**TASK ITEM**
Look through the data below for the line with "있다 2019.03.26. photocdj@newsis.com", and transcribe it exactly together with each line after it up to and including the line with "Load image into Gallery viewer, Explorafind". Give nothing else.

··· INFORMATION SHOWN ···

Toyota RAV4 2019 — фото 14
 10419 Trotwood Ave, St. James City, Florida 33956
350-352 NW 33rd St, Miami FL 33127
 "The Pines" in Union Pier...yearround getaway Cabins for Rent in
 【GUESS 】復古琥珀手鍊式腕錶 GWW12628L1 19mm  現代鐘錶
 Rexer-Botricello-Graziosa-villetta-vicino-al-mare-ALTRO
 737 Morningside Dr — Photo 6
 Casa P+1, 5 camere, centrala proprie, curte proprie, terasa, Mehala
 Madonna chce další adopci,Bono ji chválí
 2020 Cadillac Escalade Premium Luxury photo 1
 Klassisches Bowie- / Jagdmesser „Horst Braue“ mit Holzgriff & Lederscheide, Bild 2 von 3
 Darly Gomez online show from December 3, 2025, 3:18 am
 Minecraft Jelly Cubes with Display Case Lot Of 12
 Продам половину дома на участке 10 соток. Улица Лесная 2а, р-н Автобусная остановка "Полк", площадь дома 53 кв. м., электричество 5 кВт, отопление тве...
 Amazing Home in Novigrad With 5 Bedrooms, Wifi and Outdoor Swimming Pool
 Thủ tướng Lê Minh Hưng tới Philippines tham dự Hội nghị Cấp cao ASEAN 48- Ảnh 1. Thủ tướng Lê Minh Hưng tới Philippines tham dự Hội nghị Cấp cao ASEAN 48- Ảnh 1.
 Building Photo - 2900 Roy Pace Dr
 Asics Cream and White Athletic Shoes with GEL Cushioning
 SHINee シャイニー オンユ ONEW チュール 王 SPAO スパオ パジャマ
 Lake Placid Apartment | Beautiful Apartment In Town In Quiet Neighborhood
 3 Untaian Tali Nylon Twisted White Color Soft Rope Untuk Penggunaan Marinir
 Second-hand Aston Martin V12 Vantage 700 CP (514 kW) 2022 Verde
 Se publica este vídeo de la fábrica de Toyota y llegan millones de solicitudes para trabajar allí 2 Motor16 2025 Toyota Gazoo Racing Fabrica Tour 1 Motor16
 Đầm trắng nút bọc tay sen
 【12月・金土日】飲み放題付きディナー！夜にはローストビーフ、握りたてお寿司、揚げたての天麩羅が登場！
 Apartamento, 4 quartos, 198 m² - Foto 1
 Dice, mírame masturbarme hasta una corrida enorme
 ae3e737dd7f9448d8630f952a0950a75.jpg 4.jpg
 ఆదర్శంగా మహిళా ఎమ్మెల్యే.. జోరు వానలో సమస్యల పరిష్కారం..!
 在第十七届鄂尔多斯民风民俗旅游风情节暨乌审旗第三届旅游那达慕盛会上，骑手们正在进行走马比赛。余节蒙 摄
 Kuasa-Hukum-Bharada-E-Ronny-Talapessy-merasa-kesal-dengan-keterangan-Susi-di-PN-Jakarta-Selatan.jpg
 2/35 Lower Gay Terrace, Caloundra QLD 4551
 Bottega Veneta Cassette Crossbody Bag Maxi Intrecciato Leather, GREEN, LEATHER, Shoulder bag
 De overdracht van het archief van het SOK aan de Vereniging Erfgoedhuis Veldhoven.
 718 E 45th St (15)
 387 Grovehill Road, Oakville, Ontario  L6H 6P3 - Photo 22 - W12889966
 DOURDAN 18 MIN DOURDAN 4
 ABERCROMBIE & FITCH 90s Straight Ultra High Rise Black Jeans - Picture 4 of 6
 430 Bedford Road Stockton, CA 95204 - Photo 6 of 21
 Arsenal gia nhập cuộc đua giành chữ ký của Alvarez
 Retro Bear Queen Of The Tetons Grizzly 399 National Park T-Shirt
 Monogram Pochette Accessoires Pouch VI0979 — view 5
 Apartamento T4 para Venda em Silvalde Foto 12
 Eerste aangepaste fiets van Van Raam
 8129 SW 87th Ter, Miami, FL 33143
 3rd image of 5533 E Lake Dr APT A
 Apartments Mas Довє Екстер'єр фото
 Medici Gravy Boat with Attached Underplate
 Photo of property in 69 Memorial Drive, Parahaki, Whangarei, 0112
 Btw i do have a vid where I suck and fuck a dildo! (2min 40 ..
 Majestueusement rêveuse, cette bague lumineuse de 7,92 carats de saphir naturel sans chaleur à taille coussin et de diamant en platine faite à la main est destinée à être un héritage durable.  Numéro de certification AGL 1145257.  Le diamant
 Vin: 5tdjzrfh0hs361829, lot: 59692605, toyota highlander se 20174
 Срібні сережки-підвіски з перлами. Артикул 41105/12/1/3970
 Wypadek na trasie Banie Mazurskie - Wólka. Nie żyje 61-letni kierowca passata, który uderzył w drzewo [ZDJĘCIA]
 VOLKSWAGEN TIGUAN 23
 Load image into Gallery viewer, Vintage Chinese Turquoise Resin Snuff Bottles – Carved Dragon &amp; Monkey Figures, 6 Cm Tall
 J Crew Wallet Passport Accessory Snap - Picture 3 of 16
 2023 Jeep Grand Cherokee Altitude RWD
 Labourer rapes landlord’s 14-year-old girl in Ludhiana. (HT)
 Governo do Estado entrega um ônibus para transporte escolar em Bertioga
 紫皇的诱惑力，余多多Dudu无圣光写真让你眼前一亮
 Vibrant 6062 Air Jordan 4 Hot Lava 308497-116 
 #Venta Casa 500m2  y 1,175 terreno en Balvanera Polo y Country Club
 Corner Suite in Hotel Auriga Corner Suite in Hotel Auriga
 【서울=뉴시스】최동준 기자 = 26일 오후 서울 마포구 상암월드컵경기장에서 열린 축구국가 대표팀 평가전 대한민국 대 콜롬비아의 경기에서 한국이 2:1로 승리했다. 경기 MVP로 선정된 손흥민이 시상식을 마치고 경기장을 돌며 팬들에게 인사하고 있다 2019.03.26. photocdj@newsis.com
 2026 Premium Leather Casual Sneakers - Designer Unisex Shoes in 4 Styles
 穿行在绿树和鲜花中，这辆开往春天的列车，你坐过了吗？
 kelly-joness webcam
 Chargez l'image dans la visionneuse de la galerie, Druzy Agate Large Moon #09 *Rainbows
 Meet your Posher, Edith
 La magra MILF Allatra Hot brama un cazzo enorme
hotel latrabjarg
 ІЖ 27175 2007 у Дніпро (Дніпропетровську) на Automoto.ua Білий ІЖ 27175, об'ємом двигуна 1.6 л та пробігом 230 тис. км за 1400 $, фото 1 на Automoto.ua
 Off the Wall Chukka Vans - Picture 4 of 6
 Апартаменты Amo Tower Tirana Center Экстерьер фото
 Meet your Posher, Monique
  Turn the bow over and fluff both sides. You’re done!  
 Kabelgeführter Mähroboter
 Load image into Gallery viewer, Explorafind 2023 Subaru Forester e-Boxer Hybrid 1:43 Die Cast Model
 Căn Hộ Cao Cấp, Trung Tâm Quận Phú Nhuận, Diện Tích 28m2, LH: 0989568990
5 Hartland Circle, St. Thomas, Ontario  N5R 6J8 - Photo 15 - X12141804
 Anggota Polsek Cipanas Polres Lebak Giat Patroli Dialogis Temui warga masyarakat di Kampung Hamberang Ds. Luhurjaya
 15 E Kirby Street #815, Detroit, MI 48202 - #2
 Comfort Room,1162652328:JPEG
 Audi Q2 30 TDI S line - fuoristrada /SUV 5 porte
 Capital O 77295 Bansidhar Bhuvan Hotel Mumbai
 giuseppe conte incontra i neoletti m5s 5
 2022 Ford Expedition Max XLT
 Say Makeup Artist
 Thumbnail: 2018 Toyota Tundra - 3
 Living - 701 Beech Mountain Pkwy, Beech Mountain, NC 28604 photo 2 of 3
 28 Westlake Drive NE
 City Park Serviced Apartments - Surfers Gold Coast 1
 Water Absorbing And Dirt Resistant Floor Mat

···

**COMPLETED TASK**
 【서울=뉴시스】최동준 기자 = 26일 오후 서울 마포구 상암월드컵경기장에서 열린 축구국가 대표팀 평가전 대한민국 대 콜롬비아의 경기에서 한국이 2:1로 승리했다. 경기 MVP로 선정된 손흥민이 시상식을 마치고 경기장을 돌며 팬들에게 인사하고 있다 2019.03.26. photocdj@newsis.com
 2026 Premium Leather Casual Sneakers - Designer Unisex Shoes in 4 Styles
 穿行在绿树和鲜花中，这辆开往春天的列车，你坐过了吗？
 kelly-joness webcam
 Chargez l'image dans la visionneuse de la galerie, Druzy Agate Large Moon #09 *Rainbows
 Meet your Posher, Edith
 La magra MILF Allatra Hot brama un cazzo enorme
hotel latrabjarg
 ІЖ 27175 2007 у Дніпро (Дніпропетровську) на Automoto.ua Білий ІЖ 27175, об'ємом двигуна 1.6 л та пробігом 230 тис. км за 1400 $, фото 1 на Automoto.ua
 Off the Wall Chukka Vans - Picture 4 of 6
 Апартаменты Amo Tower Tirana Center Экстерьер фото
 Meet your Posher, Monique
  Turn the bow over and fluff both sides. You’re done!  
 Kabelgeführter Mähroboter
 Load image into Gallery viewer, Explorafind 2023 Subaru Forester e-Boxer Hybrid 1:43 Die Cast Model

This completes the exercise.